To pretend that Mbaka cannot influence anybody is to take a trip in self delusion because he obviously can, not a few but many. That this priest can rise above religion and geography at this time in our nation’s history to entreat his followers and everybody to vote for Buhari, against Jonathan is both instructive and revealing. The major discount in Mbaka’s call was his inability to tell what Buhari can do better and the means of achieving them in order to help comparative analysis and informed voting.
But whether Buhari loses or wins, a number of very germane lessons, instructions emanate from his candidacy namely that there can be times when Nigerians can genuinely afford to rise above religious sentiments; that the  very divisive animosity, if not outright hatred that exists  between the rich and the poor in our country is still deep-seated and growing; that there are very few Nigerians whose wealth cannot be traced to government either through direct robbery from government via politics, inflated contracts or favored waivers that violate all known anti-trust laws. That military rule is after all not the type of evil it has been painted to be and that somewhere in the corner of the minds of Nigerians is the possibility that military leadership is still viewed as a lot better than the practice of democracy. Otherwise, from where did Buhari garner all the attributes upon which his present popularity is soaring? Buhari is by far, the most naturally popular living Nigerian leader. An expression which compels a definition, that he is one leader who can attract a genuinely enthusiastic crowd without hiring or paying for them.

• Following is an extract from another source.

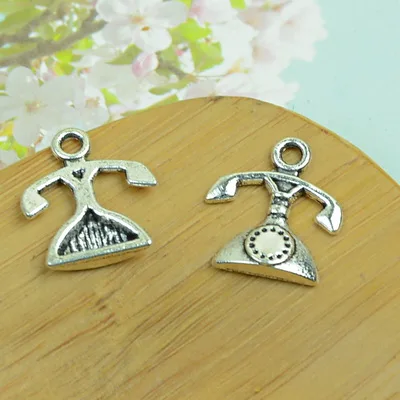 DIY alloy charm pendant moblie phone/cellphone shape antique silver vintage jewelry making accessories findings beads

If after 16 years of uninterrupted democracy, many Nigerians are quite enthusiastic in placing Buhari as the messiah of the nation, then it is clear that any kind of democracy cannot be better than all military rules. It means that the ordinary citizen needs at all times a leader who can by sheer force of his personality infuse in the polity, the required discipline for the restoration of rectitude in at least some important spheres of life.

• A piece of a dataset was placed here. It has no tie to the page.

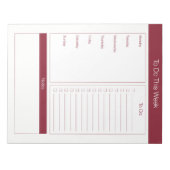 Zur Durchführung dieser Woche - Wochenplaner - Wei Notizblock (Vorderseite)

There is need for deep introspection on what has gone wrong. The disturbing clue is that an autocrat or a military dictator who champions the cause of a better society where rule of law, equity, justice and discipline are prime values is a lot better than a ‘democrat’ who stays in his office and makes a list of those he thinks can represent the people. Little wonder all military coups in Nigeria except that of Abacha were heralded by transports of tumultuous joy all over the country. The very idea of democracy is founded in the logic that consensus is better than command. But when the latter remains a substantial feature of democracy, the difference is then lost.
The 2015 presidential election promises to be interesting. There are those who believe so much in the president; so many of them moneyed and somehow scared of the puritanical posture of a Buhari but ready to spend embarrassing sums of money to stop him. There are others who feel so cheated and often times annoyed that the nation’s patrimony has been so brazenly coveted under the Jonathan presidency by men and women who have grown above the laws of the land that they need a man like Buhari, a former military leader who neither owns a house in Abuja nor an oil bloc and who it seems have been able to tame his greed to come around to institute a regime of laws and ethics to the land.

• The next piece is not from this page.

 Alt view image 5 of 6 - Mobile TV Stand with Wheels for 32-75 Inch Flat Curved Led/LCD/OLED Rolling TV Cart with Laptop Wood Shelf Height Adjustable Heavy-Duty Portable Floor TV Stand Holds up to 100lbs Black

Mbaka, perhaps, more, through this last line of thinking than any revelations has opted for a Buhari. There are yet those who unconvinced by Mbaka’s posture, will still throw up the sectarian card which accuses Buhari of potentials for undiluted zealotry against other religious persuasions. But whatever strength a Buhari is bringing to the table, including the seemingly sure calculation of securing the south west vote, he is sure to battle the untoward influence of the sheer armada of resources of the president’s men.
Few weeks are away to know how far, the message of the Padre of the Enugu based Christ the King Parish, Rev. Fr. Ejike Mbaka sank into the psyche of the people. May God bless our country, this year and always. [myad]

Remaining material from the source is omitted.